● Work item
Could you set down the listing below exactly, leaving out its pictures?

● Information shown

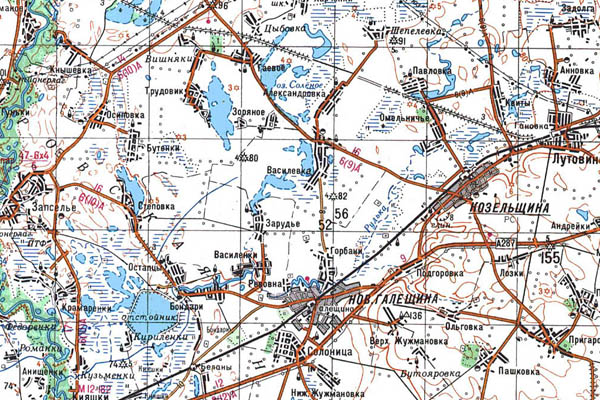 Уменьшенный фрагмент представленной топографической карты M-36-28 - Trasa.ru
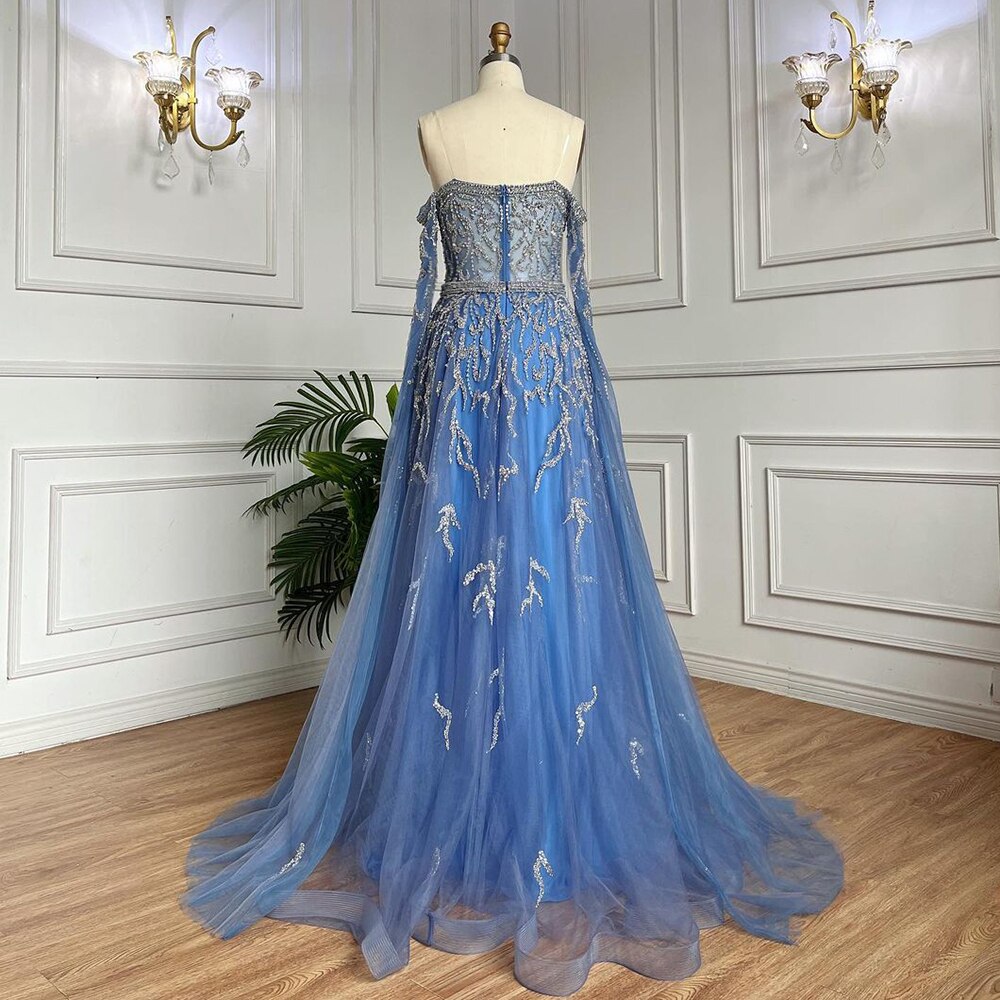 Vestido de noche azul de corte A, sexy, con hombros descubiertos, mangas estilo capa y cuentas, de lujo, para mujer, estilo árabe, para fiesta 2025, LA71836 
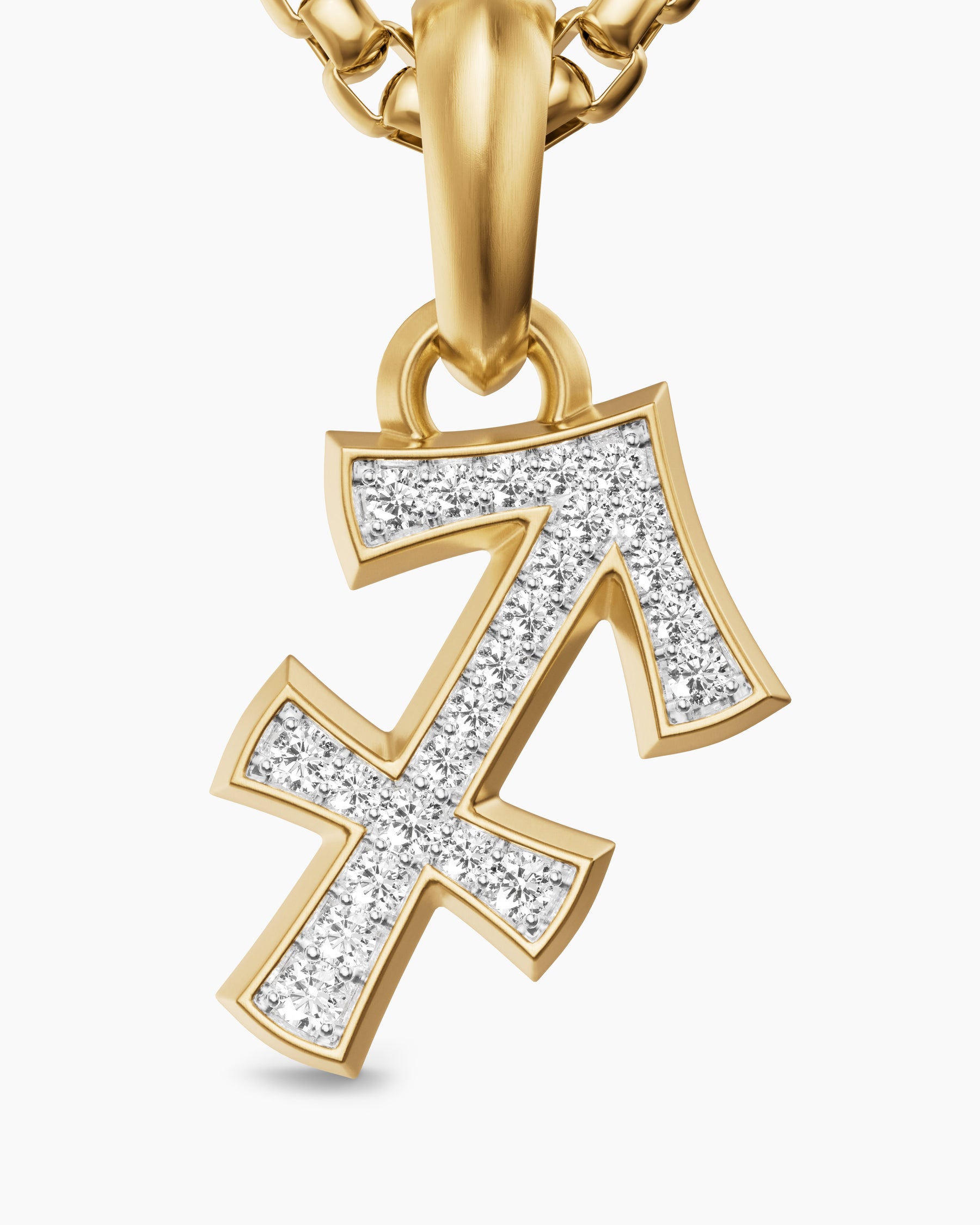 Sagittarius Amulet in 18K Yellow Gold with Diamonds, 19.7mm - Image 5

● Response box
 Уменьшенный фрагмент представленной топографической карты M-36-28 - Trasa.ru
 Vestido de noche azul de corte A, sexy, con hombros descubiertos, mangas estilo capa y cuentas, de lujo, para mujer, estilo árabe, para fiesta 2025, LA71836 
 Sagittarius Amulet in 18K Yellow Gold with Diamonds, 19.7mm - Image 5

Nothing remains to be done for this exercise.